After yet another post-mortem Sunday spent sweeping up the shards of a shattered sports psyche, there are few conclusions left to draw other than that, at some point during the last 14 years, the Irish football team has picked up a curse, and it is a doozy.
In that time period, the Irish have lost at least 20 games in excruciating fashion in the game's final moments. The opponents in those losses run the spectrum from legendary (2005 Southern Cal) to laughable (2008 Syracuse).
By comparison, wins over top caliber opponents have been virtually non-existent, and only one team (Michigan in 1998, 2002) has supplied any relief.
What could be the cause? From whence this hoodoo?
Halley's comet made its last perihelion in 1986 so that doesn't seem right.
Some have cited football-related causes, but those are the convenient excuses of writers leaning on the crutch of "credibility." The lack of fundamental football, including a stout defense, reliable running game, and sensible coaching decisions, is certainly worth consideration. It is logical that a team like Notre Dame, for whom opponents always bring their best game, would need those things to hold off late game charges.

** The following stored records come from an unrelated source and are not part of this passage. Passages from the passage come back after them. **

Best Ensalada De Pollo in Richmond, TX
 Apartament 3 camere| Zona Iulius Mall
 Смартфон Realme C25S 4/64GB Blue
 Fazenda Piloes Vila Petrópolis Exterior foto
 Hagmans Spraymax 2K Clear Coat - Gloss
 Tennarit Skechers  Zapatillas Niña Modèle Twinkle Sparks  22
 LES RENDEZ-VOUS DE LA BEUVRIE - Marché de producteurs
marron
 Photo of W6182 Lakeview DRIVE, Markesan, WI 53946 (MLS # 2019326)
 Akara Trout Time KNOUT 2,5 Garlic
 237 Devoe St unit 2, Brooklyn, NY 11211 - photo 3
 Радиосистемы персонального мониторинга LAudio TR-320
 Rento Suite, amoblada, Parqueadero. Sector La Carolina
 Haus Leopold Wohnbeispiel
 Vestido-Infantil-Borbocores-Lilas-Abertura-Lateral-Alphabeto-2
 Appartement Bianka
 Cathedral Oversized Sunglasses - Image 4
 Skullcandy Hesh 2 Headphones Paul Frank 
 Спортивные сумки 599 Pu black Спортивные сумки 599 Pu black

But this rationale is flawed; it neglects the nature of these losses which have the mark of a higher power, something far more sinister. Such treachery could only be the work of a mastermind insider with access to the supernatural. The Pope is the obvious choice for sheer sacrilege, but he is rumored to be more of a soccer fan.
No, the only possible explanation is that, like Pedro Cerrano in Major League, former Irish coaching legend Lou Holtz has been brainwashed by the seductive power of voodoo.
Is it so difficult to imagine? His unintelligible lisp provides a perfect disguise for a litany of hexes broadcast on national TV. His ESPN-ized pundit persona of "Dr. Lou" is really just a front for his new occupation of witch doctor. All afternoon long, Lou can sit behind a desk and, unbeknownst to viewers, stab pins into his surrogate voodoo doll Mark May (alias "Jobu").
It is indeed a powerful spell that has usurped the luck of the Irish. If rainbows and a 95-yard touchdown pass couldn't stop Michigan, Notre Dame's only hope is to find the real leprechaun.